--- START ---

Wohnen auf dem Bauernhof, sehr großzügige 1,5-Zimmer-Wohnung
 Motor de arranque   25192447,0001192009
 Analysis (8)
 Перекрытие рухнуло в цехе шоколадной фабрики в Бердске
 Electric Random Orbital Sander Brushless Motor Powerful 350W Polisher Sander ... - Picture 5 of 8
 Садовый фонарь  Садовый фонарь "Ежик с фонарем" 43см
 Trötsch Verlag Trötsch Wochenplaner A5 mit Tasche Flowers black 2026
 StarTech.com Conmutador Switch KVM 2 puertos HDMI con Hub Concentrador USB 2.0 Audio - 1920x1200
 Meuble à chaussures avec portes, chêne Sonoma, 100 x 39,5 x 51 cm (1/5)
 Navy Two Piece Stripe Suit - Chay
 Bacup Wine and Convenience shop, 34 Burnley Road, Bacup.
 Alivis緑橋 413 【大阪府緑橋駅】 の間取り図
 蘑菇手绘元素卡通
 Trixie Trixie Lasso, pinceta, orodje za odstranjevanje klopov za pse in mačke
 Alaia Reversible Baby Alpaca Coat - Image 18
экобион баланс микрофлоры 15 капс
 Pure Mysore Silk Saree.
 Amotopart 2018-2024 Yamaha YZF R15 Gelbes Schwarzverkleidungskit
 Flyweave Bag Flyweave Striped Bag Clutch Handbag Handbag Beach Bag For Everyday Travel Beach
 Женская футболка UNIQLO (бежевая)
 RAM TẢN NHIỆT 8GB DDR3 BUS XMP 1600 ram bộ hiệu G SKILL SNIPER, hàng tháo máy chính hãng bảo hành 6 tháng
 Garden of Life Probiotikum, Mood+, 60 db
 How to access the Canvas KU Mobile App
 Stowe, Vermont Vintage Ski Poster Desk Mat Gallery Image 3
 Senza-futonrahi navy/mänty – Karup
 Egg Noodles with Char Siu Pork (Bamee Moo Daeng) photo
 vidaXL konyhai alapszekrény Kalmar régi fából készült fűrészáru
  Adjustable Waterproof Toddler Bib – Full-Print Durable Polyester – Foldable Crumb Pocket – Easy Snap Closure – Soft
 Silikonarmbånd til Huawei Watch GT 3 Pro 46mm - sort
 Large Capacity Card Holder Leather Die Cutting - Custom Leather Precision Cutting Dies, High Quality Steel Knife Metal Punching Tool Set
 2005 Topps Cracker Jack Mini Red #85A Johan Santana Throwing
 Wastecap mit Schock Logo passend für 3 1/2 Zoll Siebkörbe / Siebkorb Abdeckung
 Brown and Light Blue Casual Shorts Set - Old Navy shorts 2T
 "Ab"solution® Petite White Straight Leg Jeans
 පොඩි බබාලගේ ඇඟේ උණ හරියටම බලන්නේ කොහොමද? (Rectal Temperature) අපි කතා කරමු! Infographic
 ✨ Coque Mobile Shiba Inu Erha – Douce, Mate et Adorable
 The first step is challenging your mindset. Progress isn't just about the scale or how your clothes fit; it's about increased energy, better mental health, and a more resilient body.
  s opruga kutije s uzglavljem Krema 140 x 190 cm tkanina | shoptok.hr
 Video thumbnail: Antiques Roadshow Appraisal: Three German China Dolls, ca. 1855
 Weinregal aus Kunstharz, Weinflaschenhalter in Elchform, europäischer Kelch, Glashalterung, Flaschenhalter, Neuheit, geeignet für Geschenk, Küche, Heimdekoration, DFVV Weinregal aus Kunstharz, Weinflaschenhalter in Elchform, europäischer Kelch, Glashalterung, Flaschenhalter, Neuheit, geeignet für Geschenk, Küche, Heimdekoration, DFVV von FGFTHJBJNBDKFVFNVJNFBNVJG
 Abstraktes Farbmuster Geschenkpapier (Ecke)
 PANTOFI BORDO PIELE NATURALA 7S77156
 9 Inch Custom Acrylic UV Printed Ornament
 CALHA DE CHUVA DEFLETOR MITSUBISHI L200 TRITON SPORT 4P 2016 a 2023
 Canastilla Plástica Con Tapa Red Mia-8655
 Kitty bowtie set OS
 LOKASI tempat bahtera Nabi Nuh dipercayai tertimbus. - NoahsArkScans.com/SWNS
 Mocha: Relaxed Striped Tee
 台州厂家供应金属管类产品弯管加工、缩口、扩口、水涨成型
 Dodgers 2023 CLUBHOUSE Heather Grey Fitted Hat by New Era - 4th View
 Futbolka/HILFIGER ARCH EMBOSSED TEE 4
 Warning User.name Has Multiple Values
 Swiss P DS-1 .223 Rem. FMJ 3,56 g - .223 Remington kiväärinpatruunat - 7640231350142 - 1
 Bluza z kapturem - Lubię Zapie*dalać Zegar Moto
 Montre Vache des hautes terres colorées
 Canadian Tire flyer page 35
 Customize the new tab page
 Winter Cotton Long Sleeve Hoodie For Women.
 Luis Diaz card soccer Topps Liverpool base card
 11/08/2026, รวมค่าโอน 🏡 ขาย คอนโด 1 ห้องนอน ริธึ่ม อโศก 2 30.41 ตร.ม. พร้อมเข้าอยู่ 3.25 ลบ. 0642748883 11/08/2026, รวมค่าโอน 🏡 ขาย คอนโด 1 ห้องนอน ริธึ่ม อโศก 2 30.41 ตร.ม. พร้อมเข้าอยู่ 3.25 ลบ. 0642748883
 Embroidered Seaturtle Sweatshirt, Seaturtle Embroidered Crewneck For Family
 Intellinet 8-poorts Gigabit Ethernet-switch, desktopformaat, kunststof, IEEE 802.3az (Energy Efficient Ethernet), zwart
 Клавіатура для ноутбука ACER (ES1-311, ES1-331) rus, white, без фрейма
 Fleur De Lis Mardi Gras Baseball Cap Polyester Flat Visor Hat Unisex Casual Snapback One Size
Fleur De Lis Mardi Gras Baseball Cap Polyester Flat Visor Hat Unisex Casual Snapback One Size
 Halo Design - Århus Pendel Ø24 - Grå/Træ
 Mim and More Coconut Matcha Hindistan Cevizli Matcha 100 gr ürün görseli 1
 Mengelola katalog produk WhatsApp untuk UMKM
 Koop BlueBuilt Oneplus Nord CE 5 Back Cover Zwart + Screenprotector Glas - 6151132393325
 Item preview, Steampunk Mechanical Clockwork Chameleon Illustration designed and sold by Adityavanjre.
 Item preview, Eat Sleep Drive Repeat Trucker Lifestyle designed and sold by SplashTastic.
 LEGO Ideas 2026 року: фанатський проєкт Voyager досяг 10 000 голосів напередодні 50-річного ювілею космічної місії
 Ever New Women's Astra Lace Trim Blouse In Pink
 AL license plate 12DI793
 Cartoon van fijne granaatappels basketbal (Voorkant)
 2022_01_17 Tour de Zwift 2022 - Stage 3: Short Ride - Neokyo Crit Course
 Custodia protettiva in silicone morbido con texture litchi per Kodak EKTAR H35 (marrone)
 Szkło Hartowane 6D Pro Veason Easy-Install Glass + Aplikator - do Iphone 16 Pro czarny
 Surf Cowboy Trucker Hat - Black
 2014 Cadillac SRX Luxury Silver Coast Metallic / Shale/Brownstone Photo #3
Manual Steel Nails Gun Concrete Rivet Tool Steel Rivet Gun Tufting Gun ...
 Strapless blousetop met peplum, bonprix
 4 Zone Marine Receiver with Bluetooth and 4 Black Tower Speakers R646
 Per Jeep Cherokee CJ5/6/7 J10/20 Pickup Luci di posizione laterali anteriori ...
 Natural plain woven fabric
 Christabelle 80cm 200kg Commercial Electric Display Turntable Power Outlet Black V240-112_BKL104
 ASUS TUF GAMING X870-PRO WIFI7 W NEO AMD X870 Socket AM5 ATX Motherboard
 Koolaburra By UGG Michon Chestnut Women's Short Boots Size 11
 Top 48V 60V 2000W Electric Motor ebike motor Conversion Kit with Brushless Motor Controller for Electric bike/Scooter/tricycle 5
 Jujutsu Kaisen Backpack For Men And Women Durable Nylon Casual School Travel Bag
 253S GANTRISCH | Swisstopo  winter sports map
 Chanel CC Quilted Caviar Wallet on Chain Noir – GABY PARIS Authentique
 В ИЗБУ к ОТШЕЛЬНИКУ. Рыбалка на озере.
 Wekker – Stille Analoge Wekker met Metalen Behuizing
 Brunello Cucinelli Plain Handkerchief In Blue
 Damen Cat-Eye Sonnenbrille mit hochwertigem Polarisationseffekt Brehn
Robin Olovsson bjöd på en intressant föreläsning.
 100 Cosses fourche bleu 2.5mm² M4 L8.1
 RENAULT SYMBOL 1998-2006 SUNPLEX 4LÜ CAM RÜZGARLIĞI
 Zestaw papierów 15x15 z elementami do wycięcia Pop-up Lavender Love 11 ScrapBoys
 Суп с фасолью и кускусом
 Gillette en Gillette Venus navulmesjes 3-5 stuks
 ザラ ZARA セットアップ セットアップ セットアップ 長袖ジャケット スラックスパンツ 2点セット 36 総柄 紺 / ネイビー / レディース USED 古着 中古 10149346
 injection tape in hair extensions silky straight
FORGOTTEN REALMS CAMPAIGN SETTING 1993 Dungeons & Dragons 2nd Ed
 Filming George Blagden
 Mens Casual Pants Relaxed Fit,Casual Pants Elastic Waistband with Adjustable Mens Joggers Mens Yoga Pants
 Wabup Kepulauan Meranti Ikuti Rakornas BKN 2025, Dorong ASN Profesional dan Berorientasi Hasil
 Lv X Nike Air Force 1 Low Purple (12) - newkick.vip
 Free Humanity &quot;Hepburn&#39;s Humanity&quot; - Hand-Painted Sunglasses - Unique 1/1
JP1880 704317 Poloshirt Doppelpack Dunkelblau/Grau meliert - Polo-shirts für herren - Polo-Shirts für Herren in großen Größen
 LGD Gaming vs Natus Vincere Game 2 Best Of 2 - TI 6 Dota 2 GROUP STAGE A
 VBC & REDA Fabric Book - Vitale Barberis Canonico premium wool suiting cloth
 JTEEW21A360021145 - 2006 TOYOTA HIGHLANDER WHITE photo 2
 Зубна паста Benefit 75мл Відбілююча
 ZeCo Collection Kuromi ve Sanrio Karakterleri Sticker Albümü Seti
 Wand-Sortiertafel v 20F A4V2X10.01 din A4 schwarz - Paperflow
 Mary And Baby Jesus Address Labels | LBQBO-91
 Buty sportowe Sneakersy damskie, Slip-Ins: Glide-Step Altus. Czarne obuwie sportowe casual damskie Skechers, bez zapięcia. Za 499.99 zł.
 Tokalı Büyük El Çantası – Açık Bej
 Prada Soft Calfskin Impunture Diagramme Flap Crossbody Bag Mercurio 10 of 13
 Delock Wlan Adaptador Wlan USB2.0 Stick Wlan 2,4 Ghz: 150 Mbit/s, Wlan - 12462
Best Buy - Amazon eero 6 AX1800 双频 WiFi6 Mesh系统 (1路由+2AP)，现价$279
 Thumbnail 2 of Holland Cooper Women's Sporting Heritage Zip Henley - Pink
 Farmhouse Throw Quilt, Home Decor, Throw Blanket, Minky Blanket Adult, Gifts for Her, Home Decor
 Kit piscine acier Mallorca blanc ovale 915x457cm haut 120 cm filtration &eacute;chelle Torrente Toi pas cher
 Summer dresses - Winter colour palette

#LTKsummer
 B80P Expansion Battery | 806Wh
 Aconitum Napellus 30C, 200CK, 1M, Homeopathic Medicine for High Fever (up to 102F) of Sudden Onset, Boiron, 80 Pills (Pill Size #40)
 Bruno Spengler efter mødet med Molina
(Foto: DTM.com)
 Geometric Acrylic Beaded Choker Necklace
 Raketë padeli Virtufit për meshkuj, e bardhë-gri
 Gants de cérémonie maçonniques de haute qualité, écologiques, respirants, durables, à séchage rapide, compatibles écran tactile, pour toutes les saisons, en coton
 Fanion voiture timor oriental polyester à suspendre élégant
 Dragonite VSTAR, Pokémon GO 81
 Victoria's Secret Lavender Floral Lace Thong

--- END ---

* [Task details] The response should hold exactly the lines starting at the line with "PANTOFI BORDO PIELE NATURALA 7S77156" and ending at the line with "Kitty bowtie set OS", and no other line of the material above.

* [Your solution]
 PANTOFI BORDO PIELE NATURALA 7S77156
 9 Inch Custom Acrylic UV Printed Ornament
 CALHA DE CHUVA DEFLETOR MITSUBISHI L200 TRITON SPORT 4P 2016 a 2023
 Canastilla Plástica Con Tapa Red Mia-8655
 Kitty bowtie set OS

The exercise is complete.